La imagen versada en las aplicaciones hace que no solamente se muestre la cara más bonita de une: se busca aquellas posturas que se suponen deseables para el Otro social, selfies frente al espejo, posiciones para resaltar lo bello de los cuerpos sin fisuras, velando sus defectos por algo que “venda” para aquel que quiere comprar a ciegas. De ahí que muchas veces algunos/as comenten que finalmente la persona con quien se encontraron “no era el o la de la foto”.

El mercado del amor intenta velar los defectos, lo doloroso, lo que no funciona bajo la idea de que existe una forma correcta y posible para el amor. El algoritmo con el que funcionan los dispositivos es definido como conjunto ordenado de operaciones sistemáticas que permite hacer un cálculo y hallar la solución de un tipo de problema: en este caso del de la relación a los otros.

La pulsión, acéfala, se monta sobre este auge de las apps de citas y las redes sociales (“mírame”, “cómeme”, “escúchame”, “cagame”). La tecnología sexual viene a completar la forma en que la relación con el otro se reduce a la posibilidad de consumirlo. Frente al miedo a no poder complacer, a “No hay relación sexual”, las parejas y los encuentros se mueven entre una forma de la ternura sin erotismo o una sexualidad “transgénica” [2], la del tecnosoporte sexual, encarnado en la pastilla del viagra como uno de sus exponentes. El erotismo como actividad de descubrimiento necesaria para el desarrollo sexual pierde su brillo, en pos de la obligación superyoica del rendimiento.

La experiencia amorosa entrama un imposible, la de la diferencia estructural, atópica, así la llama Han, que permite restituir al otro en su alteridad y sacarlo del consumo. Es la experiencia de cierto fracaso de esa felicidad completa de la vida familiar (al menos, tradicional).

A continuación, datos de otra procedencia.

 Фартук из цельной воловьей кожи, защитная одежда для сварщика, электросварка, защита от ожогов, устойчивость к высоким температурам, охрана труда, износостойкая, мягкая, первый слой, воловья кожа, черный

A su vez sólo la experiencia del amor permite la posibilidad de vivenciar la experiencia de la propia aniquilación, por eso es tan desesperante, pero armar un borde donde la pulsión de muerte puede estar contenida. Dirá que “El eros es, de hecho, una relación con el otro que está radicada más allá del rendimiento y del poder (...) La negatividad de la alteridad, la atopia del otro, que se sustrae a todo poder, es constitutiva de la experiencia erótica”.[3]

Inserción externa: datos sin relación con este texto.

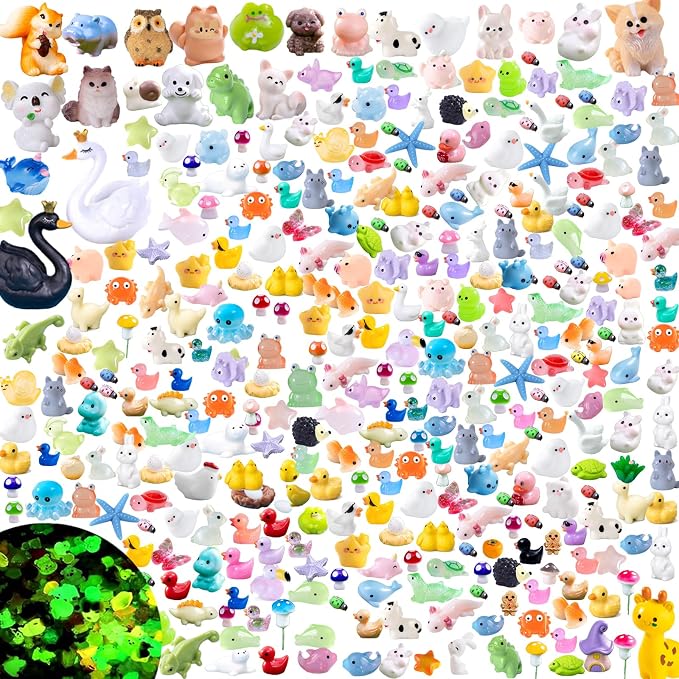 300 Pcs Mini Resin Animals Figurines, Mixed Tiny Resin Figures Bulk for Easter Egg Fillers Stuffers Fairy Garden Accessories Miniature Dollhouse Decorations DIY Slime Charms for Crafts Party Favors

Si sostenemos la creencia de que el amor en la época se reduce a las operaciones que realizan los algoritmos de las apps de citas, habrá que ver lo siguiente: hay un gran Otro Neoliberal que es quien conduce mis gustos, mis elecciones, mis coordenadas eróticas.

Sin embargo, el amor es acontecimiento y también contingencia. No habrá que perder las esperanzas: en las “alabanzas”[4] al amor es el cuerpo quien habla más allá de todo algoritmo. La insistencia de dar sentido producirá de algún modo esa creencia: transformar lo azaroso en destino. No habrá algoritmo que pueda detener lo contingente del amor, ya que en el encuentro entre dos habrá o no acontecimiento: tirar la moneda, azar. Después de todo, sólo los amantes y amados podrán dar cuenta de esto.

Florencia González es psicoanalista (del libro “Lo incierto”, Ed. Paco)

Ramiro Gimeno es psicoanalista.

Notas:

[1]Han, B-CH (2012). La agonía del eros. Bs. As: Editorial Herder.

[2]Hazaki, C. (2019). Modo Cyborg. Bs. As: Editorial Topia.

[3]Han, B-CH (2012). La agonía del eros. Bs. As: Editorial Herder.

 

[4]En referencia a “El banquete” de Platon.